Excitons dressed by a sea of excitons

TL;DR

This paper investigates how the composite nature of excitons influences their many-body interactions, revealing effects that are lost when excitons are approximated as bosons, and introduces Pauli diagrams to visualize these effects.

Contribution

It introduces a new many-body theory for interacting composite bosons, emphasizing the role of Pauli scatterings and diagrams in understanding exciton interactions.

Findings

Bosonic enhancement occurs for exciton i=0 in a sea of excitons.

The composite nature leads to additional enhancement for excitons with matching momentum.
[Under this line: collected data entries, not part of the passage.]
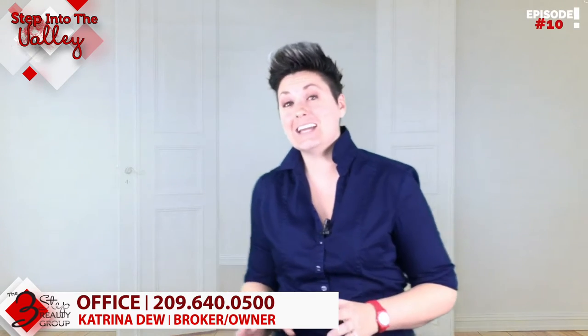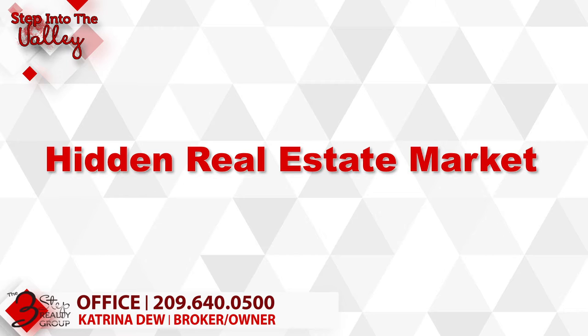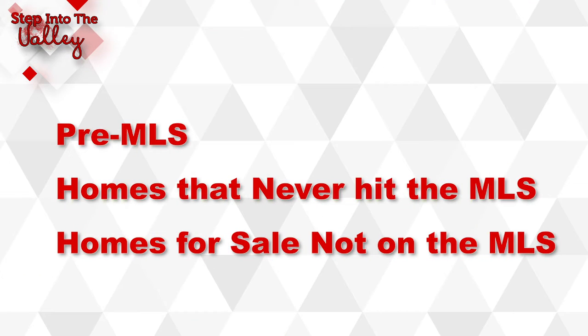I'm Katrina Dew, welcoming you to Step Into the Valley with Three-Step Realty Group. Today we're going to talk about the hidden real estate market. If you're thinking about buying a home, pay attention. There are three primary sources of the hidden real estate market: homes that are pre-MLS, homes that never hit the MLS, and homes for sale but aren't on the MLS.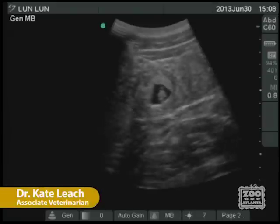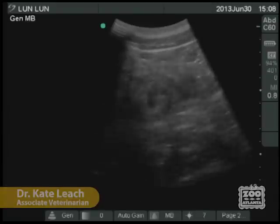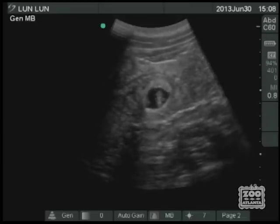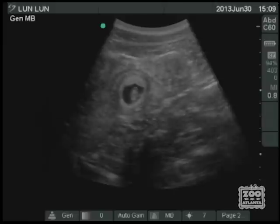In the summer of 2013, we discovered Loon Loon the giant panda is pregnant. You are looking at a video of a prenatal ultrasound done on June 30th. The round black structure seen on the screen is the pocket of fluid in Loon Loon's uterus containing the fetus. At this ultrasound, the fetus is still quite small, measuring only about one centimeter.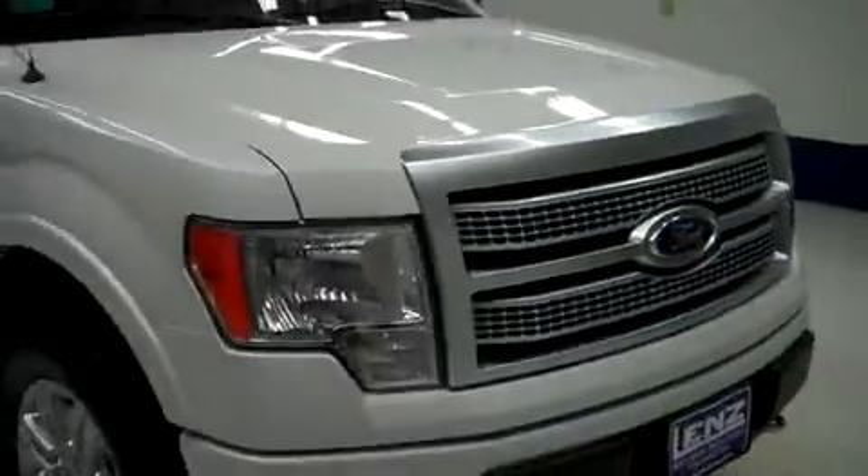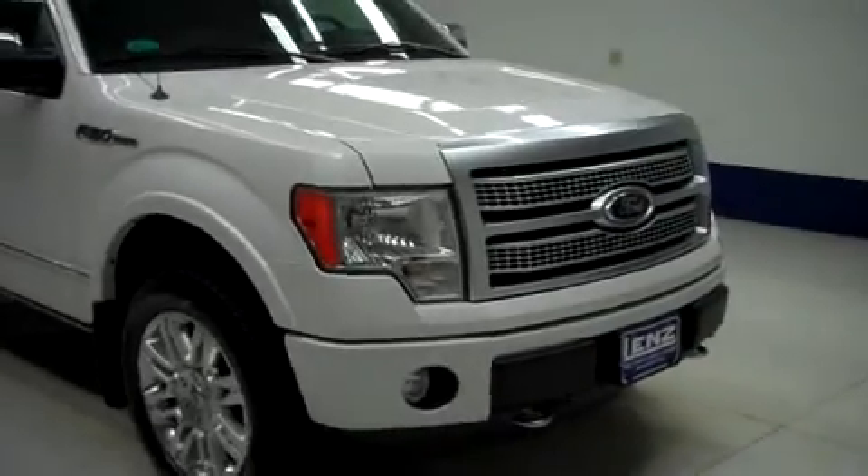This truck sounds great and runs smooth. To see more pictures of this Ford F-150, please visit LenzAuto.com.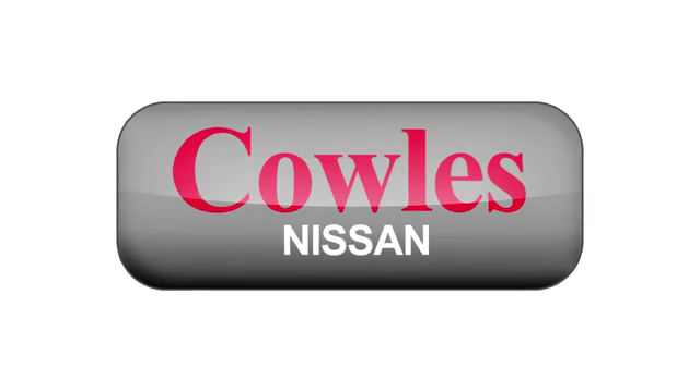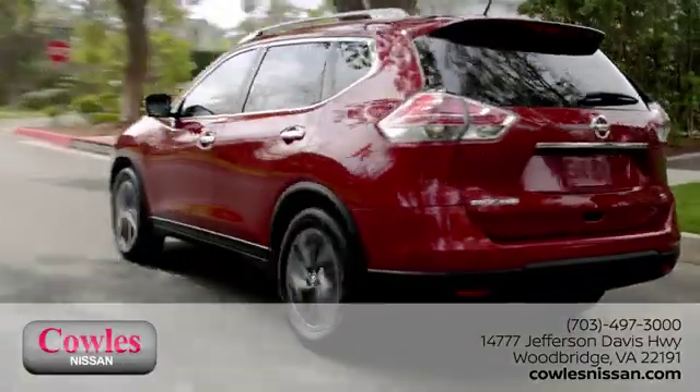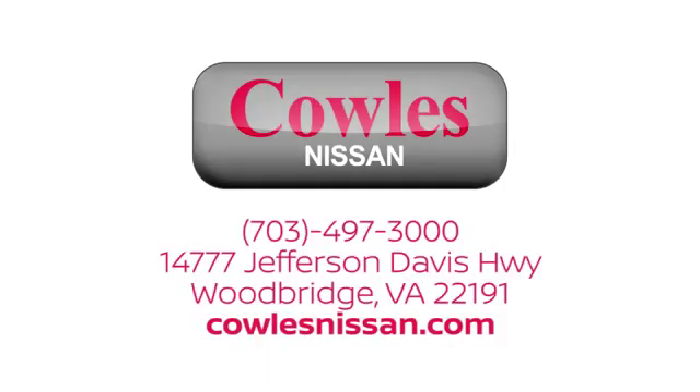You're not just a number at Kohl's Nissan, you're a family member. We work hard to make owning a new vehicle easy, fun, and affordable. We're conveniently located at 14777 Jefferson Davis Highway in Woodbridge.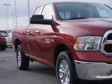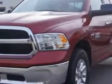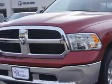Riverside Autoplex of Muscogee knows you want more in a car. You expect the best from your vehicle. Imagine driving this deep cherry red 2014 Ram 1500, quad cab 4x4.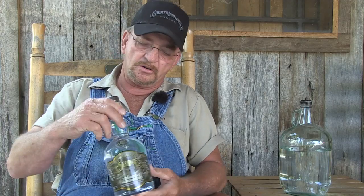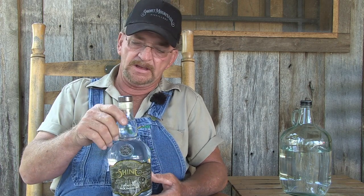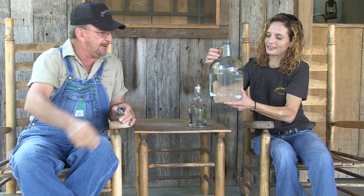This is the jar we put it in now. It's a nice jar, got the coin on it, good labeling. The nice thing about our moonshine is it's authentic moonshine, like it's been made for over a hundred years. It's the same way it was made in the woods, except we're in a building and making it legal now.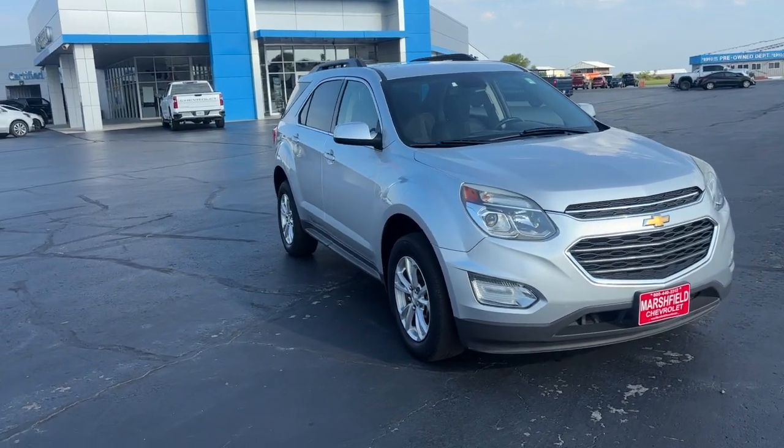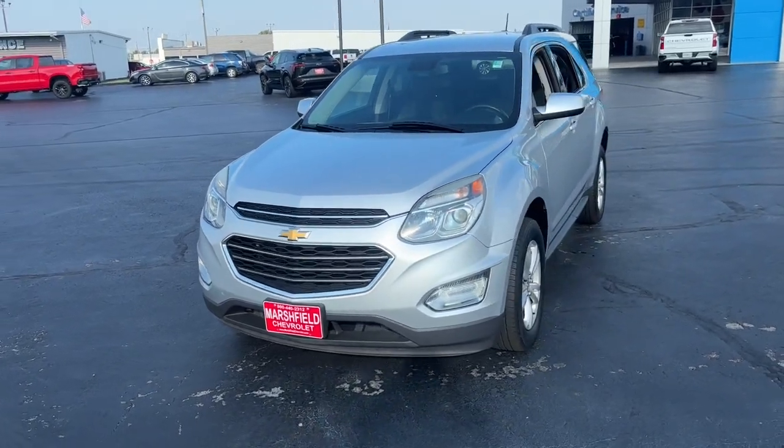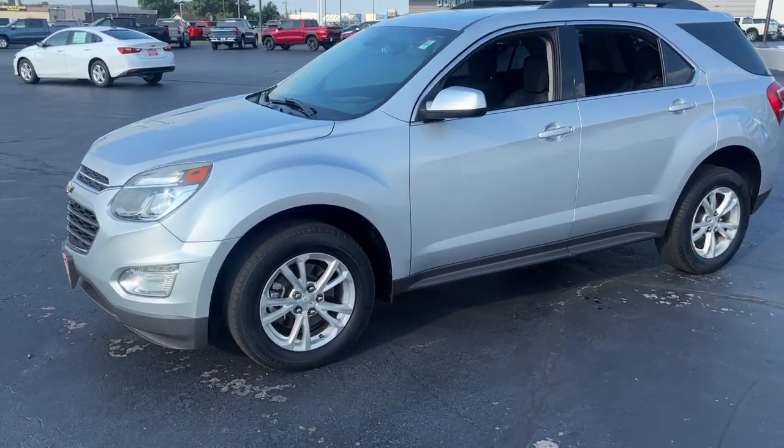Introducing the 2017 Chevrolet Equinox. With less than 50,000 miles on the odometer, this vehicle provides excellent value.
Pauli scatterings are crucial for accurately describing exciton interactions.

Abstract

We here consider an exciton $i$ embedded in a sea of $N$ identical excitons 0. If the excitons are bosonized, a bosonic enhancement factor, proportional to $N$, is found for $i=0$. If the exciton composite nature is kept, this enhancement not only exists for $i=0$, but also for any exciton having a center of mass momentum equal to the sea exciton momentum. This physically comes from the fact that an exciton with such a momentum can be transformed into a sea exciton by ``Pauli scattering'', \emph{i}. \emph{e}., carrier exchange with the sea, making this $i$ exciton not so much different from a 0 exciton. This possible scattering, directly linked to the composite nature of the excitons, is irretrievably lost when the excitons are bosonized. This work in fact deals with the quite tricky scalar products of $N$-exciton states. It actually constitutes a crucial piece of our new many-body theory for interacting composite bosons, because all physical effects involving these composite bosons ultimately end by calculating such scalar products. The ``Pauli diagrams'' we here introduce to represent them, allow to visualize many-body effects linked to carrier exchange in an easy way. They are conceptually different from Feynman diagrams, because of the special feature of the ``Pauli scatterings'': These scatterings, which originate from the departure from boson statistics, do not have their equivalent in Feynman diagrams, the commutation rules for exact bosons (or fermions) being included in the first line of the usual many-body theories.